══ SUPPLIED ENTRIES
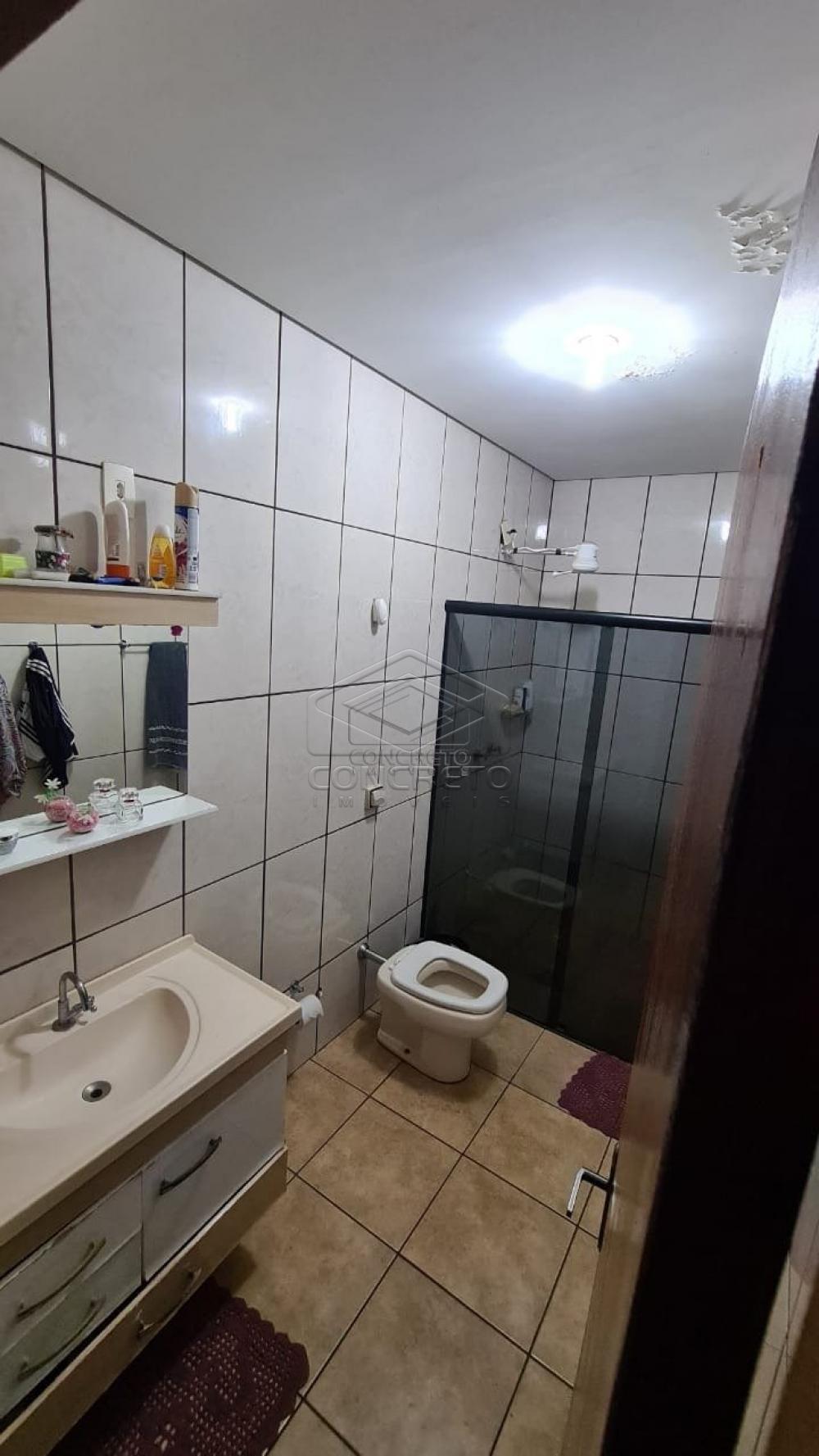 Comprar Casa / Padr&atilde;o em Len&ccedil;&oacute;is Paulista R$ 320.000,00 - Foto 4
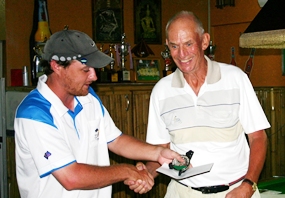 B Flight winner Ole Stamnes (right) receives his award from event organiser Russell Exley. 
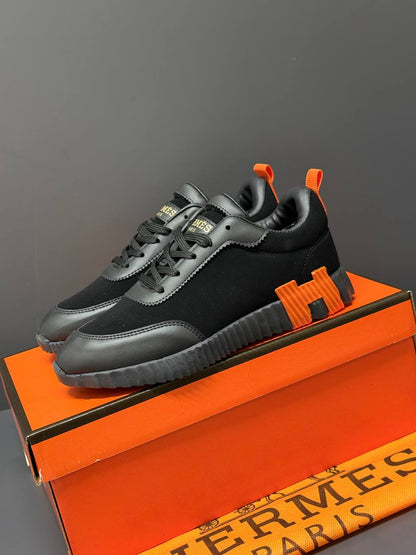 HM - Paris Bouncing Woman Sneakers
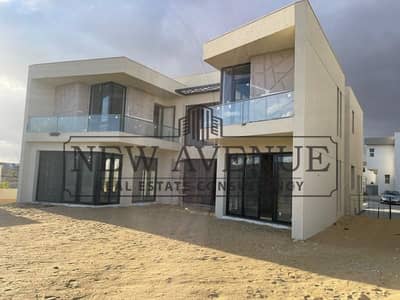 جاهزة للسكن فيلا مستقلة للبيع نوع C في باديا Badya لمساحة المبنية ٣٥٠م  ٥ غرف نوم ٦ حمامات غرفة خادمة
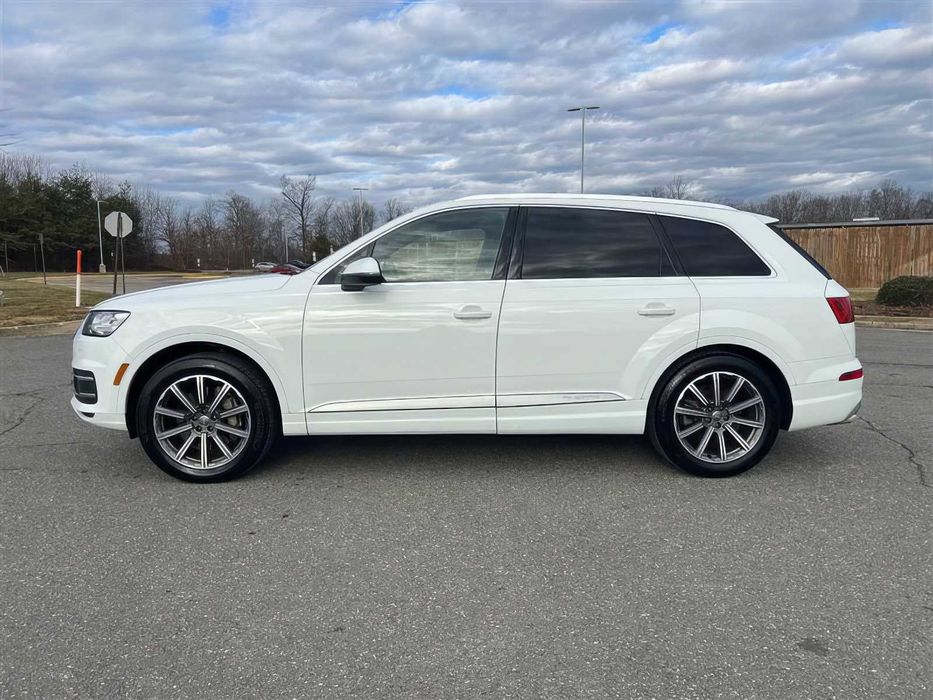 Audi Q7      2017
════
_WORK TO BE COMPLETED_
All that is needed is an exact copy of the lines from the line with "B Flight winner" through the end of the listing, both ends included, with no pictures.

_TASK ANSWER_
 B Flight winner Ole Stamnes (right) receives his award from event organiser Russell Exley. 
 HM - Paris Bouncing Woman Sneakers
 جاهزة للسكن فيلا مستقلة للبيع نوع C في باديا Badya لمساحة المبنية ٣٥٠م  ٥ غرف نوم ٦ حمامات غرفة خادمة
 Audi Q7      2017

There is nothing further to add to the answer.